In this study, the abundance, compositions and variations of DOM in the evaporation process in solar ponds were investigated. The brine DOM samples were primarily composed of aliphatic groups, carbohydrates and aromatic groups, whereas the changes of DOM compositions were varied during solar pond exposure treatment. With increasing sunlight exposure time, the concentrations of DOC in the solar pond increased sharply. Further quantitative analysis indicated that the relative abundance of aliphatic increased significantly with increasing exposure time, whereas the reverse trends were observed for carboxylic acids, aromatics and carbohydrates. The pyrolysis products revealed that most DOM samples were aliphatic (methylene chain, terpenoid-like) and MAHs structures, possibly prevalently from bacterial organisms, but subject to considerable decays anyway.
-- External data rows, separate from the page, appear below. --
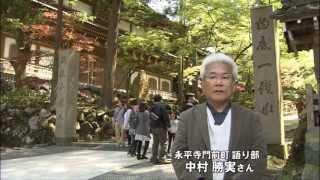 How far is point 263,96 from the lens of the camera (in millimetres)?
12594

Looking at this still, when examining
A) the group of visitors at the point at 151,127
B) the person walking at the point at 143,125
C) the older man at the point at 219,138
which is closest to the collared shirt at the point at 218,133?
the older man at the point at 219,138

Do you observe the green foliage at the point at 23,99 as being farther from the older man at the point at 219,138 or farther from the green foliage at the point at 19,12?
the older man at the point at 219,138

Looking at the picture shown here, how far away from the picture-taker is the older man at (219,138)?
9.68 ft

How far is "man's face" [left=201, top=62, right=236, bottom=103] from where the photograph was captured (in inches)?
118

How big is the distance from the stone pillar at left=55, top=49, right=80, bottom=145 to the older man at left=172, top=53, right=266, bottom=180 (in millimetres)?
14325

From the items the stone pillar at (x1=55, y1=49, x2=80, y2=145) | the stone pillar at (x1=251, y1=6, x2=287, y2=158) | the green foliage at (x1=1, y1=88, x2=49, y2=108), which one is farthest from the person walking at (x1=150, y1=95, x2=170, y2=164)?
the green foliage at (x1=1, y1=88, x2=49, y2=108)

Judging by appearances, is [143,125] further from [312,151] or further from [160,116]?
[312,151]

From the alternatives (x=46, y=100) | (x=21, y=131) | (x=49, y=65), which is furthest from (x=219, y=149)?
(x=49, y=65)

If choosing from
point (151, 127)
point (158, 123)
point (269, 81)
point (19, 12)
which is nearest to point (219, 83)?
point (158, 123)

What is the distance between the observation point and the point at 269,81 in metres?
12.6

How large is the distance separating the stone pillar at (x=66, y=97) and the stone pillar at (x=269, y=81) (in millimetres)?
7260

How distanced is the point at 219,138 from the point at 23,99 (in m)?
16.8

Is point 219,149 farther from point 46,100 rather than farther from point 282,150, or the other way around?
point 46,100

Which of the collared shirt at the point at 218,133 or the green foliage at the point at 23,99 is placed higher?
the green foliage at the point at 23,99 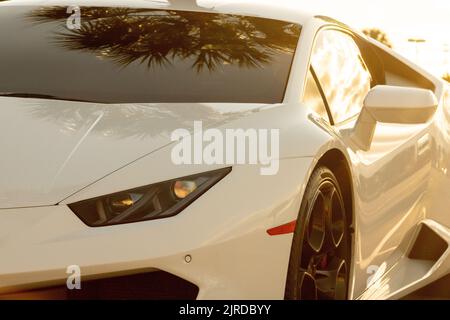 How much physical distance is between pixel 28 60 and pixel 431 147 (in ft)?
7.25

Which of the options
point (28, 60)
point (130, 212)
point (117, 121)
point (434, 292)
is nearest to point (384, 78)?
point (434, 292)

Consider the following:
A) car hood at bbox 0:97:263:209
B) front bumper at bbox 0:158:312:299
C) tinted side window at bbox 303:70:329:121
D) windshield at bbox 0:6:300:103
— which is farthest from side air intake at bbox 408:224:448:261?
front bumper at bbox 0:158:312:299

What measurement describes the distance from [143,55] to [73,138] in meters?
1.27

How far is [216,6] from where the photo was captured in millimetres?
5637

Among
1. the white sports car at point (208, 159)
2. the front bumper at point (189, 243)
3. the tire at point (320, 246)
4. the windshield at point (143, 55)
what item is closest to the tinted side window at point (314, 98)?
the white sports car at point (208, 159)

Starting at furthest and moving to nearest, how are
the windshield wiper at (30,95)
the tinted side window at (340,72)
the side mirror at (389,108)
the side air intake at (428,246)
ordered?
1. the side air intake at (428,246)
2. the tinted side window at (340,72)
3. the side mirror at (389,108)
4. the windshield wiper at (30,95)

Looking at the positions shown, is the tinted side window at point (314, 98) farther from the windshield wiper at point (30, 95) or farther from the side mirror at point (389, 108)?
the windshield wiper at point (30, 95)

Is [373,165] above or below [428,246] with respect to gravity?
above

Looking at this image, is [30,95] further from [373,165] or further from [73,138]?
[373,165]

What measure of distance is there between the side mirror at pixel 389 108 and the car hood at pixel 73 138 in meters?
0.74

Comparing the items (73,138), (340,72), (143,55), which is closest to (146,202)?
(73,138)

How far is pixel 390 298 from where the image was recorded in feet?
16.2

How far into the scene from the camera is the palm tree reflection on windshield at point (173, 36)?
492 centimetres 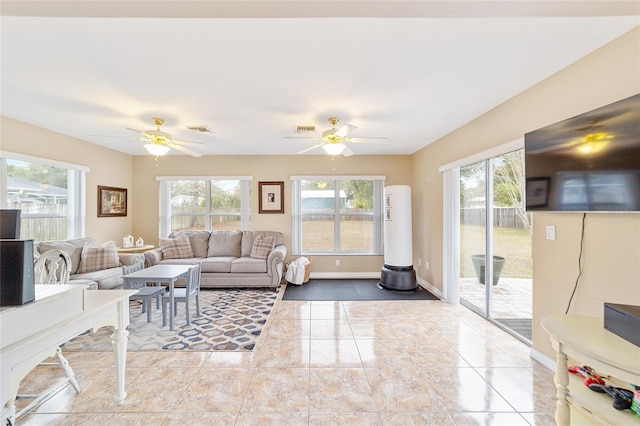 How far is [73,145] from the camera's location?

The presence of some sulfur-containing organics could indicate an anaerobic decay environment, but in the current system, microbiological processes were probably subordinate to the photo-induced DOM transformation. Aliphatics may be the main target compounds to be removed or treated for the extraction of high-value Salt Lake productions. The results provide a baseline dataset for DOM treatment or removal to guide the development of treatment strategies for the brine.